Ivorian leaders and main opposition candidates said Wednesday they will decide on a new date for the country's long-delayed presidential poll in the coming weeks.
Ivorian President Laurent Gbagbo met with main opposition candidates, Henri Konan Bedie and Alassane Ouattara, Wednesday in Abidjan to get the country back on track for presidential elections.
The vote has already been pushed back six times since civil war split the country in half in 2002.
Leaving the meeting, Prime Minister Guillaume Soro said the leaders recognized the "urgent need" to organize the poll.
Soro says they asked him, as prime minister, to follow up on the ongoing verification of the voter list and ensure it is finished within the given delay. At the meeting, Soro says, they also charged the head of the independent electoral commission to begin without delay the examination of contested names on the voter list so that a definitive voter list can be published as soon as possible.
Of the more than six million names on the provisional voter list, the eligibility of more than one million voters is still being disputed, many on grounds of nationality.
The opposition continues to call for a definitive voter list to be published by the end of July.
On Wednesday, the United Nations Security Council extended the mandate of peacekeeping forces in Ivory Coast until the end of the year to accompany the country in the organization and holding of elections.
The U.N. Security Council said it was concerned by repeated delays and called for elections to be held before October 22nd.
Elected in 2000, President Gbagbo's mandate ran out in October 2005. His political opponents have accused him of stalling elections to remain in power.
Opposition leaders have called for presidential elections to be held by October and warn of chaos, if they are not.

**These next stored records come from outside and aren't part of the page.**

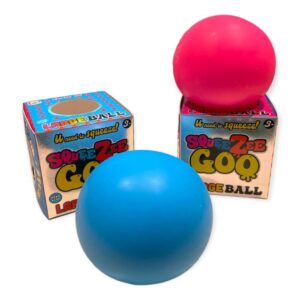 giant-squeezy-goo-stress-ball-neon
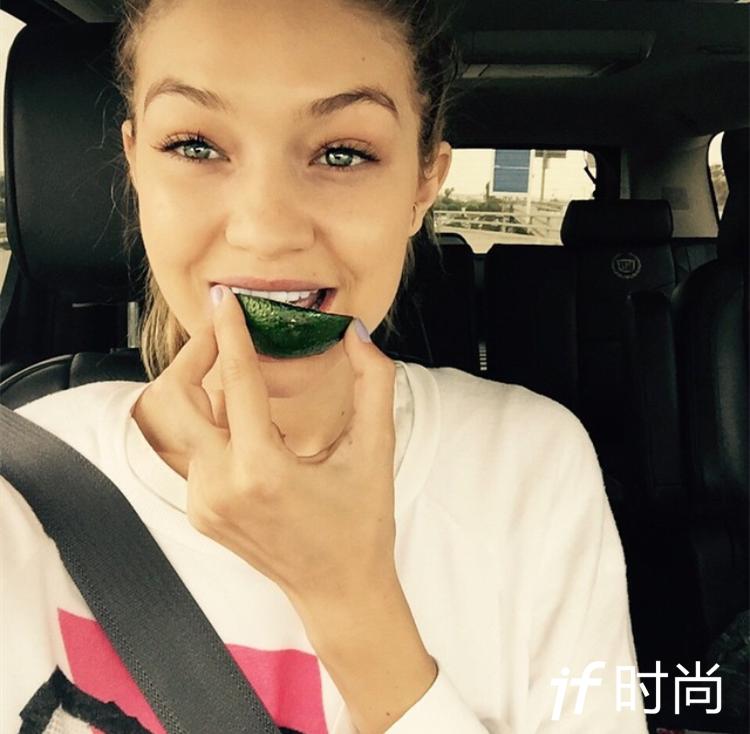 她的一条Ins值195万人民币？凭什么？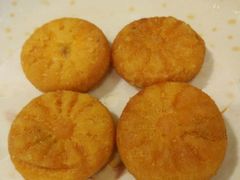 -风味酒家(商业大道店)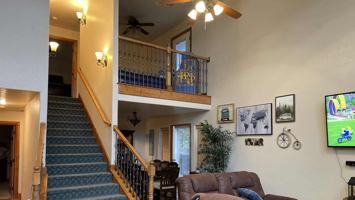 featured image of 247 E Lake Dr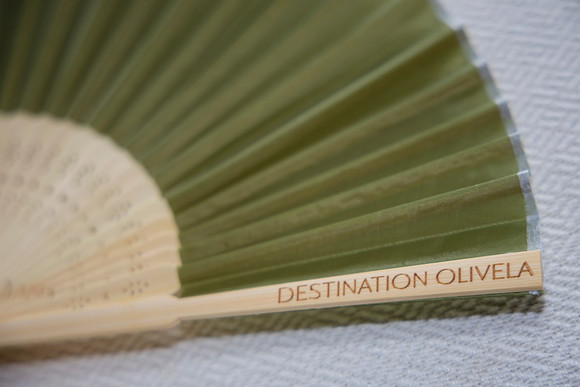 0223__10-16-26_OLIVELA-Trunk-Show-Rosewood-Hotel-Washington-DC-Event-Photojournalism-Photographer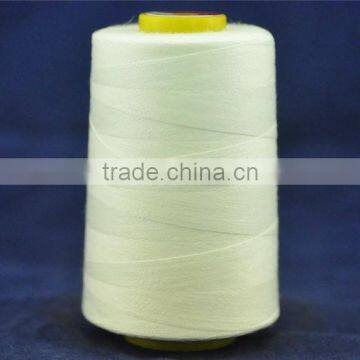 high quality pva water soluble threads suppliers good quality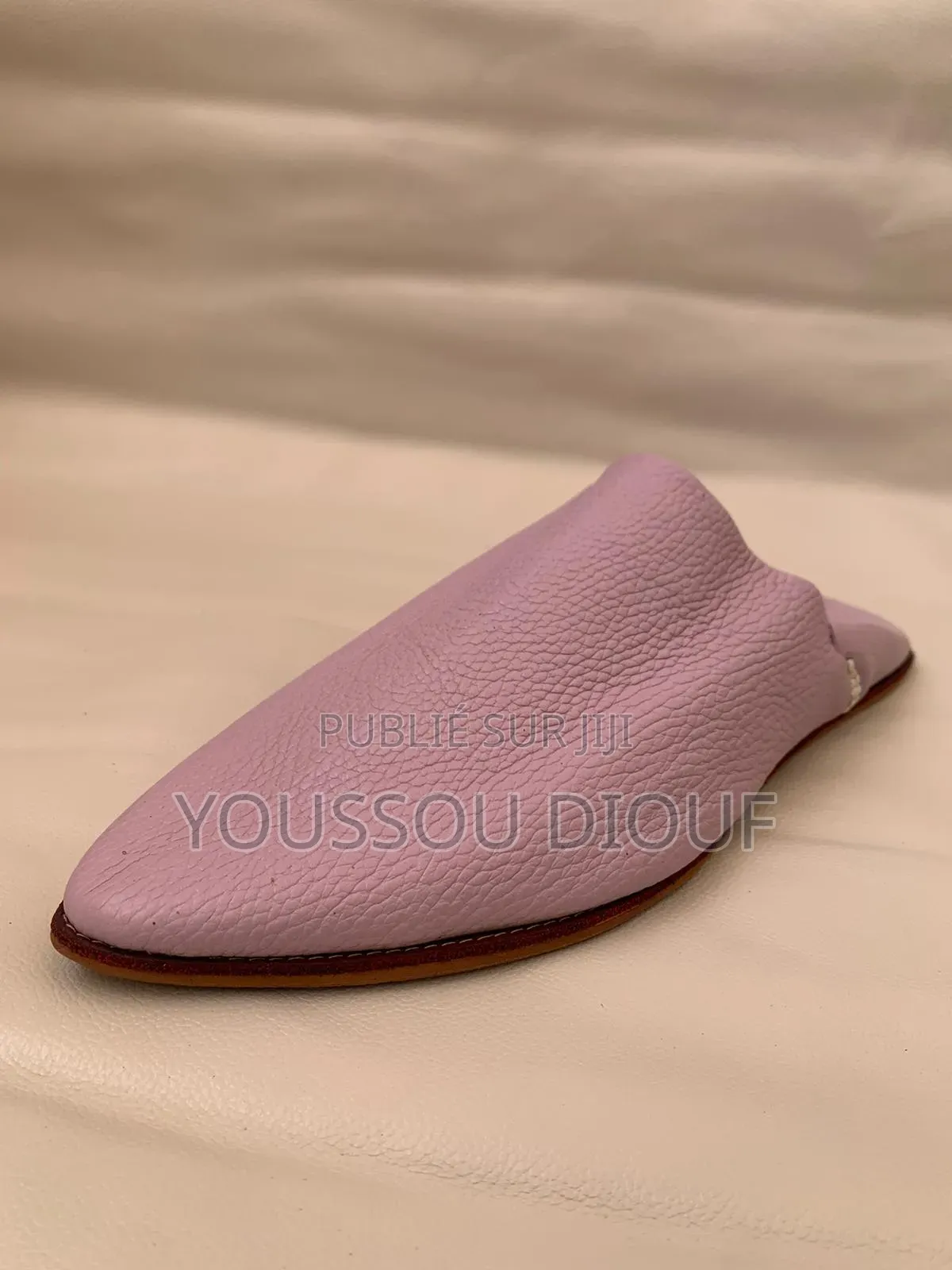 Chaussures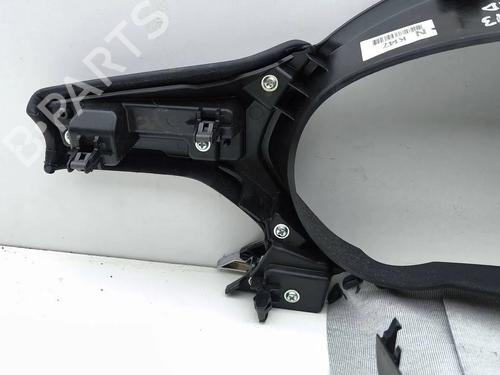 Switch MAZDA CX-5 (KF) 2.2 D | BP36083225I30 - Image 6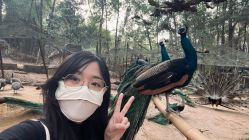 -瞳摄影写真旗舰店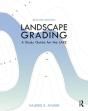 Landscape Grading - Preview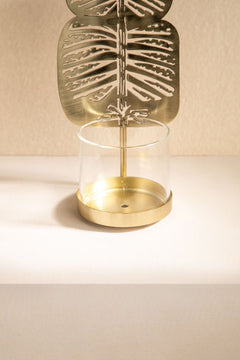 VOTIVES Udanti Candle Votive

Prime Minister Soro said the president and opposition leaders intend to meet again in several weeks to decide on a new poll date, with the request from the independent electoral commission.
Sources in Abidjan say Ivorians are growing increasingly tired after years of delay, and especially after watching Guineans go to the polls last Sunday just 18 months after a military coup.
In Ivory Coast, the publication of a final voter list is not the only obstacle remaining. The disarmament of the country's former rebel factions and pro-government militias is also behind schedule.
Electoral violence in February of this year left seven dead and dozens wounded, and observers warn that threats of conflict and instability remain in Ivory Coast.